* [Records supplied]

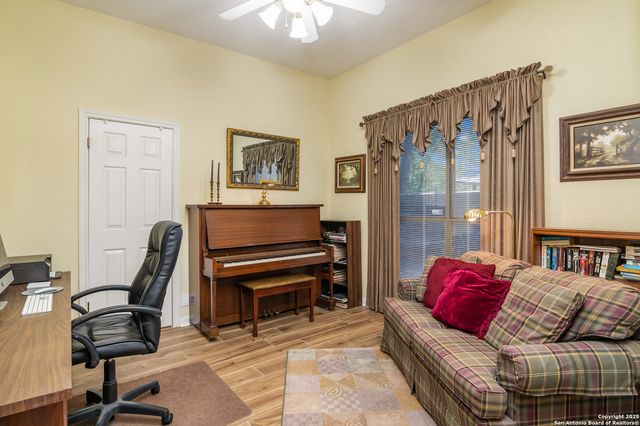 6 Oakwell Farms, San Antonio, TX 78218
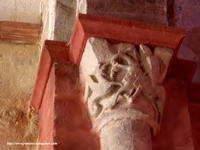 ARCO TRIUNFAL. CAPITEL NORTE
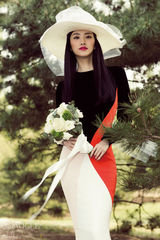 组图：景甜演绎婚纱礼服大片 谈心中浪漫婚礼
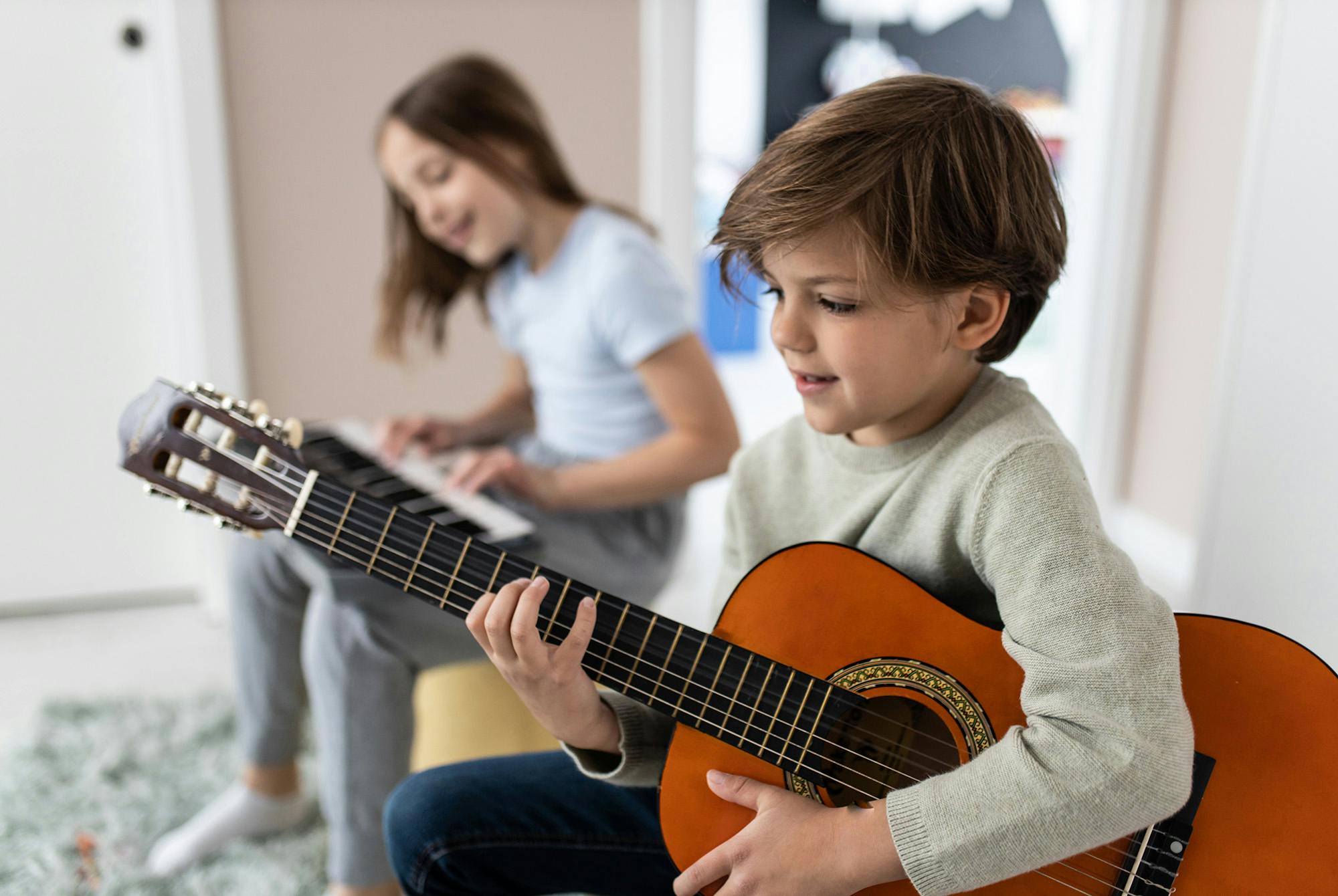 Lapset soittavat musiikkia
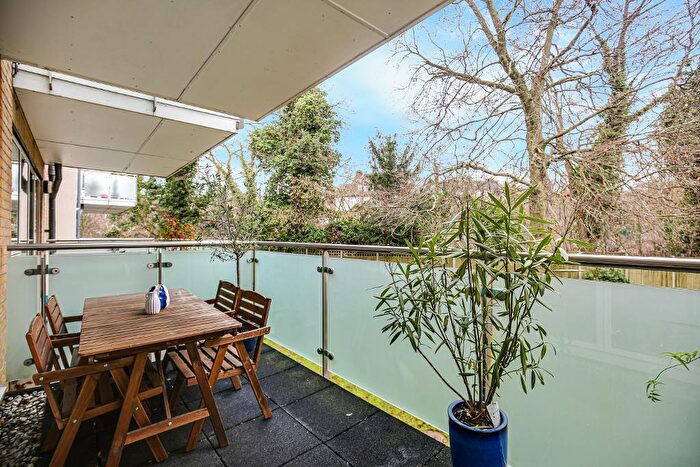 1 Bedroom Flat For Sale In Sanderstead Road, Sanderstead, Surrey, CR2
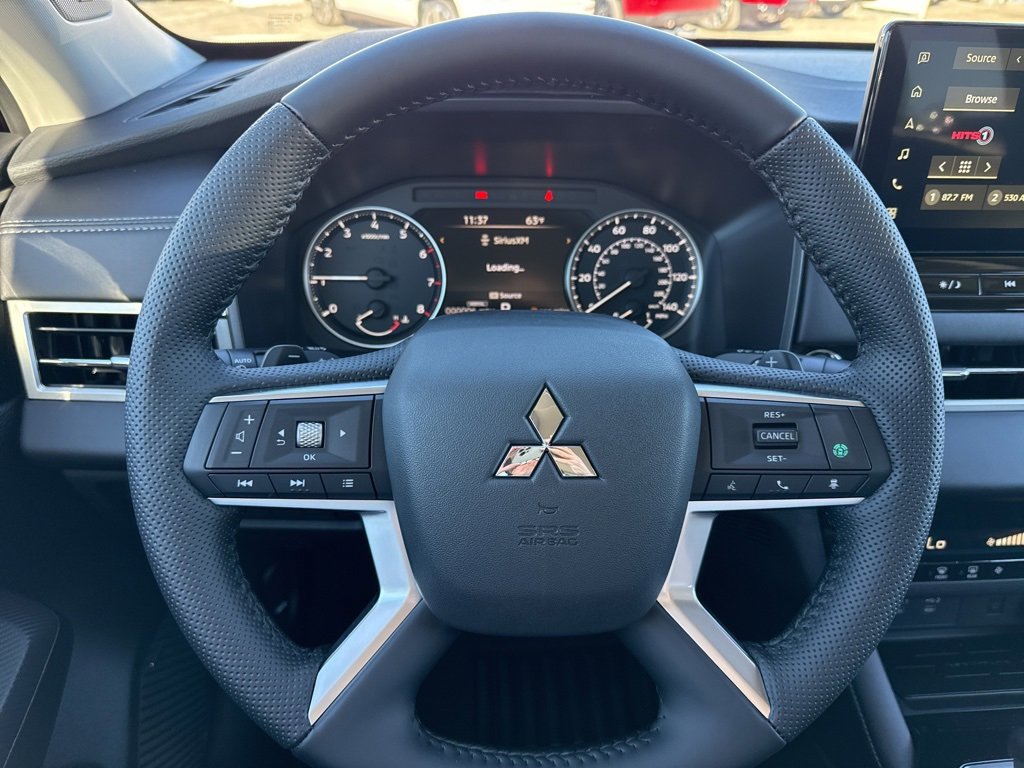 New 2025 Mitsubishi Outlander SE image 15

* [Prompt]
Output the records above exactly, omitting the pictures.

* [Solution to the exercise]
 6 Oakwell Farms, San Antonio, TX 78218
 ARCO TRIUNFAL. CAPITEL NORTE
 组图：景甜演绎婚纱礼服大片 谈心中浪漫婚礼
 Lapset soittavat musiikkia
 1 Bedroom Flat For Sale In Sanderstead Road, Sanderstead, Surrey, CR2
 New 2025 Mitsubishi Outlander SE image 15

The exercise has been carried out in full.